Un ciudadano enfrentado a las instituciones públicas y a sus trabajadores carece de defensa. Puede acudir al defensor del pueblo, pero eso es, además de lento, matar moscas a cañonazos.

Poco a poco ese tratamiento desdeñoso se expande: del funcionariado directo, a las empresas públicas estatales. 

Hace unos días un ciudadano de Tarragona envió un paquete a Alemania, a través de una plataforma (Packlink) y Correos, cuyos empleados le facilitaron un recibo y un número de envío. El paquete nunca fue entregado.

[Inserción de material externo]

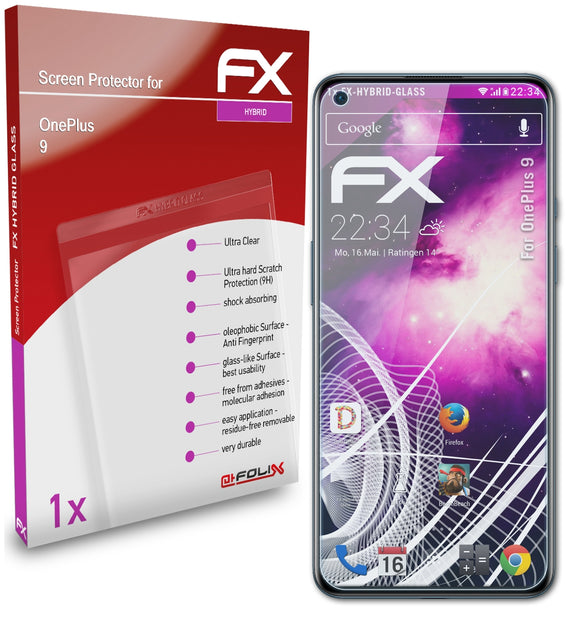 atFoliX FX-Hybrid-Glass Panzerglasfolie für OnePlus 9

Al ver que no llegaba, escribió a ambas compañías. Correos --que en general funciona bien--, se lo quitó de encima. La otra firma le pidió que el destinatario declarara bajo juramento que no había recibido algo que ni siquiera sabía que iba a recibir porque era un regalo sorpresa. ¿No controla Correos si ha entregado el paquete? ¡Vaya eficacia! Y, sobre todo, ¡vaya consideración hacia el cliente!

Un ciudadano se coloca frente a un funcionario y, de golpe, se convierte en súbdito de un reyezuelo, investido de una autoridad que le permite ejercer su poder de forma despótica y atroz. 

Los de los pueblos tenían razón: no son autoridades, sino atrocidades.